Il Casato Prime Donne is situated on the line which stretches between the two most important places in the Montalcino district. From the North at Badia Ardenga, a convent which has a beautiful church with a crypt, and where according to legend, King Henry VII was poisoned and died in 1313, down to the South, at the Abbazia di Sant’ Antimo, a splendid church built in onyx and framed by stunning Brunello vineyards.
In the Middle Ages a growing flow of pilgrims, merchants and soldiers walked along the Via Francigena. These travellers brought with them ideas, cultures, trade and human traits which helped to create a common civilization across the different countries of Europe. Because of this, the Via Francigena was chosen as one of the 22 most important European routes by the Council of Europe Project.
Siena was one of the important milestones along the via Francigena, and precisely because of this road, which skirted the outskirts of Florence, Siena prospered and developed a huge infrastructure where it created wonderful buildings such as the Hospital of Santa Maria della Scala, which is now a museum. A citadel for the pilgrims, which was so extensive as to have a covered road inside it and which has become nowadays, here in the future, a museum which is even larger than the Louvre.

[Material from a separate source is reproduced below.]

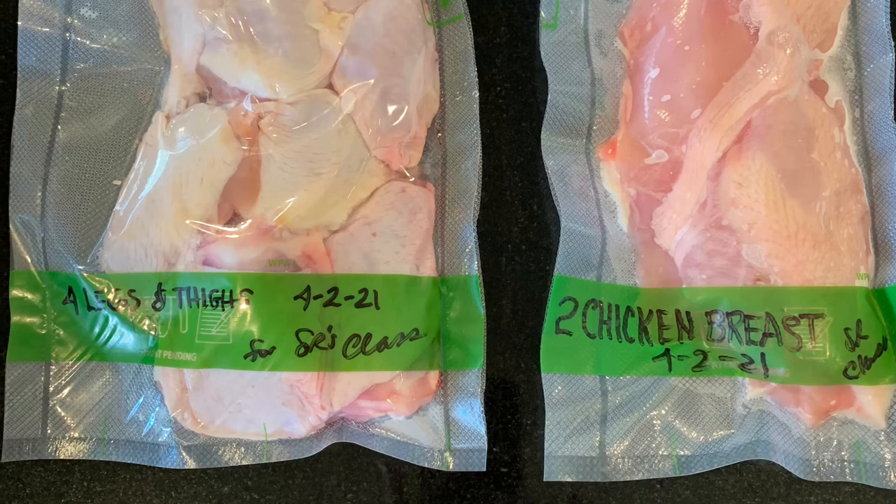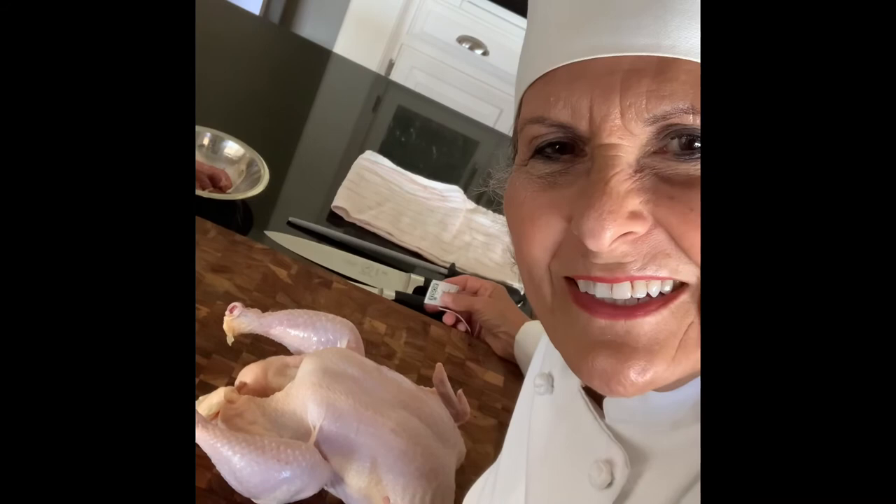This is going to be my third attempt at butchering a chicken. I did the first two, but I didn't really feel like I did it that well. Mainly, I wasn't holding my knife correctly, and I just realized when I was watching the video — I thought, oh my God, that's all wrong. So I wanted to do a third chicken.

In recent years, in front of the Santa Maria della Scala, together with Councillor Alessandro Mugnaioli, we welcomed a group of adult Scouts who had made their own personal pilgrimage along the Via Francigena, through Tuscany which ended at Sant’ Antimo.
They are prime examples of modern pilgrims. They are people who are looking for a new relationship with themselves, with God and with other fellow human beings.